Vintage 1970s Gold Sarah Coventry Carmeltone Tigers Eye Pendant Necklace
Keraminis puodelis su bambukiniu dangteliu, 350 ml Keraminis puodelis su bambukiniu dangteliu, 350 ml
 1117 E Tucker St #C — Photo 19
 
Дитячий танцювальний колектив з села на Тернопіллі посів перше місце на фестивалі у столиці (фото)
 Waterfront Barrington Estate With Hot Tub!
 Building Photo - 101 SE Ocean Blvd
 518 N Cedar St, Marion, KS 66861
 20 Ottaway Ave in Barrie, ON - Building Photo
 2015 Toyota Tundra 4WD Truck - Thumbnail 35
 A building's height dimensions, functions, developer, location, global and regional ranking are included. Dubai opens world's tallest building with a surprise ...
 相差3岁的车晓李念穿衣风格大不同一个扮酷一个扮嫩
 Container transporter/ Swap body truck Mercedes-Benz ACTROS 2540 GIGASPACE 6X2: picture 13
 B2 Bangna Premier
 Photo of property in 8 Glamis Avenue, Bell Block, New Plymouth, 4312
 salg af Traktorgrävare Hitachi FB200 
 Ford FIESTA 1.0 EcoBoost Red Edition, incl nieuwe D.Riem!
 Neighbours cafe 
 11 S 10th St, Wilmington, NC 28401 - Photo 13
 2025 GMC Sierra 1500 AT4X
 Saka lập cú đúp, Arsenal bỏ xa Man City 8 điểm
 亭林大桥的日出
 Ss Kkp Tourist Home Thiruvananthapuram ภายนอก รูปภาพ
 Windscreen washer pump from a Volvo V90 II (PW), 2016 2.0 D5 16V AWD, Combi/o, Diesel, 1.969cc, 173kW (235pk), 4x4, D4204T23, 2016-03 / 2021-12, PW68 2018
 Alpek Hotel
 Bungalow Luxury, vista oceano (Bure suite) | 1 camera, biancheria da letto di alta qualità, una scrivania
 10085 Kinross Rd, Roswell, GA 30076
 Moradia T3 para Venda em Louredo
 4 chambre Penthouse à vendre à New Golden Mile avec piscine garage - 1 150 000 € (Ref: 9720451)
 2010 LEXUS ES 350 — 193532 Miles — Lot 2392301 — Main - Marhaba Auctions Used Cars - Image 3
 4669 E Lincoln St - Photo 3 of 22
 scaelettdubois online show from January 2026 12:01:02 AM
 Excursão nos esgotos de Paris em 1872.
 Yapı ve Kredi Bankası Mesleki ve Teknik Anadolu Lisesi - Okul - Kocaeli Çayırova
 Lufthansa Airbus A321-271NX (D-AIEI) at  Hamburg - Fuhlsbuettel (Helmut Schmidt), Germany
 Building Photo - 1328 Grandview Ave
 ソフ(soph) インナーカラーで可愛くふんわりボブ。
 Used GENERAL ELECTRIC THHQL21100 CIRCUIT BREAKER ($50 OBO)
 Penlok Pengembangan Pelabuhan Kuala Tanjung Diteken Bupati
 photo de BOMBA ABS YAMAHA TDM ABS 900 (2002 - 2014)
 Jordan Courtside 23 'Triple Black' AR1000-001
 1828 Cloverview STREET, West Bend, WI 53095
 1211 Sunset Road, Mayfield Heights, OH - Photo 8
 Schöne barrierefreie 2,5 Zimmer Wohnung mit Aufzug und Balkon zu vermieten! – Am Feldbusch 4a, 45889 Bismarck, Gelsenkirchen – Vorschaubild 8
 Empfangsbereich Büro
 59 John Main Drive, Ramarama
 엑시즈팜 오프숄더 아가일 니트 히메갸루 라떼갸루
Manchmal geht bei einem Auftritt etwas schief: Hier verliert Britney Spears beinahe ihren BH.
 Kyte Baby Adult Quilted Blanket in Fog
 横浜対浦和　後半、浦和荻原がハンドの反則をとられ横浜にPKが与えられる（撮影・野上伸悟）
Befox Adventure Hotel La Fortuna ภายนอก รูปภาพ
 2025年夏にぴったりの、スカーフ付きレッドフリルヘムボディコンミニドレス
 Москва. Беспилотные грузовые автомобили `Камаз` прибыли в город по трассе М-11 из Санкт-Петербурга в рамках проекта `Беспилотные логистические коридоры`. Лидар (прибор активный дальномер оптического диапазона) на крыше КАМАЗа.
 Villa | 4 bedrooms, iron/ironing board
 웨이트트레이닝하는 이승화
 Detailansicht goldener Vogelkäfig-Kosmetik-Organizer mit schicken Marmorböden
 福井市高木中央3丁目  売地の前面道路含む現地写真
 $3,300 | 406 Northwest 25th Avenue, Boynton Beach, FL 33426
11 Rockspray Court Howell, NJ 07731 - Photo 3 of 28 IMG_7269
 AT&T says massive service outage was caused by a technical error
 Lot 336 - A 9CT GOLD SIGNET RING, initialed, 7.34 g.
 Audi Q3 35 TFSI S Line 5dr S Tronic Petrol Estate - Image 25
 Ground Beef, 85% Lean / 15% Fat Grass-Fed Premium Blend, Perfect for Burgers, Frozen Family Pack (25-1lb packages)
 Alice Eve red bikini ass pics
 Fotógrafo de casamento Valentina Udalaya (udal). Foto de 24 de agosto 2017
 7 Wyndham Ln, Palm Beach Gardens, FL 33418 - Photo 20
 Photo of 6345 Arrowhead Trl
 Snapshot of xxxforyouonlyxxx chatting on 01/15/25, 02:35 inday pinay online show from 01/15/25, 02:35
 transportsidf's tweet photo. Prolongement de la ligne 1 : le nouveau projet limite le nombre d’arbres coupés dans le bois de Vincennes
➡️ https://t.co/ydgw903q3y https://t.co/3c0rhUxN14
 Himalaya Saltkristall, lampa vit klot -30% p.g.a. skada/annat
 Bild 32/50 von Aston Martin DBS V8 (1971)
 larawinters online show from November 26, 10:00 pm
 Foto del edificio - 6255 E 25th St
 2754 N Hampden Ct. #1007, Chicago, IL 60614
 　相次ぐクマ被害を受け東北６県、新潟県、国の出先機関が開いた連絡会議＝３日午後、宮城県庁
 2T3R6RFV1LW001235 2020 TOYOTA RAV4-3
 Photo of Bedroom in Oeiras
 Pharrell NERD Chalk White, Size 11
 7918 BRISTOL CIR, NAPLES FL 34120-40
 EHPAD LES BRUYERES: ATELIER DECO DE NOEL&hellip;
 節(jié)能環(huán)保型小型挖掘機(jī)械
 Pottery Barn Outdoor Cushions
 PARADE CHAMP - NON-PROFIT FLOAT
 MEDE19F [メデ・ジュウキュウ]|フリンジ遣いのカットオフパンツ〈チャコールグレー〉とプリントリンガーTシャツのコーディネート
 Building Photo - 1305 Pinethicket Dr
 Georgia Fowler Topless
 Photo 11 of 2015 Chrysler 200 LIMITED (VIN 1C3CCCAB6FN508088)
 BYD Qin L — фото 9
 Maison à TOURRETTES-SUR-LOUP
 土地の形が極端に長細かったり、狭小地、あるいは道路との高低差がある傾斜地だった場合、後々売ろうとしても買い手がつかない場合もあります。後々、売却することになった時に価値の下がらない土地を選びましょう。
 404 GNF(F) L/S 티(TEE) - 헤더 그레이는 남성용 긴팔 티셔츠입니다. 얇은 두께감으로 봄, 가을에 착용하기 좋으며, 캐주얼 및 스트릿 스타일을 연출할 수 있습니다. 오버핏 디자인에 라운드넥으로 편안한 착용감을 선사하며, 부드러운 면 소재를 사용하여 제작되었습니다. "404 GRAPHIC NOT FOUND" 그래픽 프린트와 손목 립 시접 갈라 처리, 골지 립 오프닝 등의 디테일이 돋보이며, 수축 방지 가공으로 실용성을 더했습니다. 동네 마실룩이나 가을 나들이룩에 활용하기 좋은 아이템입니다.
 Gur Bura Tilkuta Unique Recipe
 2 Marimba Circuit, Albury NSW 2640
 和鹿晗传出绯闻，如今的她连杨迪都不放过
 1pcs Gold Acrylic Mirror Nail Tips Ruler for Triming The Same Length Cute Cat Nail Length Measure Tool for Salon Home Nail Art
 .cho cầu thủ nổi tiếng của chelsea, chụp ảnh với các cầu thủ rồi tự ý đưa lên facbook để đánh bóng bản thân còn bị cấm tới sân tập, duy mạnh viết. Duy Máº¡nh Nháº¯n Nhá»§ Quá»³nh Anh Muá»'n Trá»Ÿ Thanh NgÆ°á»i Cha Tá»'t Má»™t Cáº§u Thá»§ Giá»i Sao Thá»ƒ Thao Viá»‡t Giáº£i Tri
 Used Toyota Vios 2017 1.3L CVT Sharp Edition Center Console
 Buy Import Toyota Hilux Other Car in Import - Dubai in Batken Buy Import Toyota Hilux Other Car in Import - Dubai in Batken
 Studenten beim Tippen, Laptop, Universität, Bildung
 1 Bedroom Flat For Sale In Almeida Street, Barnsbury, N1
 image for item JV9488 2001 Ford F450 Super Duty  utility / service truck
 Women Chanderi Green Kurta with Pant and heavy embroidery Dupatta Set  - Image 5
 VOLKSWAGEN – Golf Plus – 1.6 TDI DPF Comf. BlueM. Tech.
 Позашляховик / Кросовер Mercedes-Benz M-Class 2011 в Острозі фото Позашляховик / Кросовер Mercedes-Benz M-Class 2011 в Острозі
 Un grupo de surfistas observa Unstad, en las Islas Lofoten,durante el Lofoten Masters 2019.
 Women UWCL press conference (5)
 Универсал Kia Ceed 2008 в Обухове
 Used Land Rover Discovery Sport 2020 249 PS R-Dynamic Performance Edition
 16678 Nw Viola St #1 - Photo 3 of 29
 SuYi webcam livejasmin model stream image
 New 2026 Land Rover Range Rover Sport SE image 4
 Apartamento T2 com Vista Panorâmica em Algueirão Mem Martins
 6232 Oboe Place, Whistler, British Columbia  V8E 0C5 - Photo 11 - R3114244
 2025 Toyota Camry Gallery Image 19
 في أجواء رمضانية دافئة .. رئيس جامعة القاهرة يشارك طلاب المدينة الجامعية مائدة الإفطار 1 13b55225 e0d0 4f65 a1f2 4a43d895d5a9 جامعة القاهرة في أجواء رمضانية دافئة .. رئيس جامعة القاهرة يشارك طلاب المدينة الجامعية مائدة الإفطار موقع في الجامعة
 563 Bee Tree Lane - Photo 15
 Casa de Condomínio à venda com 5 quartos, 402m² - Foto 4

· · · · ·

## [Try it]
Gather each line of the listing that holds the string "Foto".

## [The answer]
 Fotógrafo de casamento Valentina Udalaya (udal). Foto de 24 de agosto 2017
 Foto del edificio - 6255 E 25th St
 Casa de Condomínio à venda com 5 quartos, 402m² - Foto 4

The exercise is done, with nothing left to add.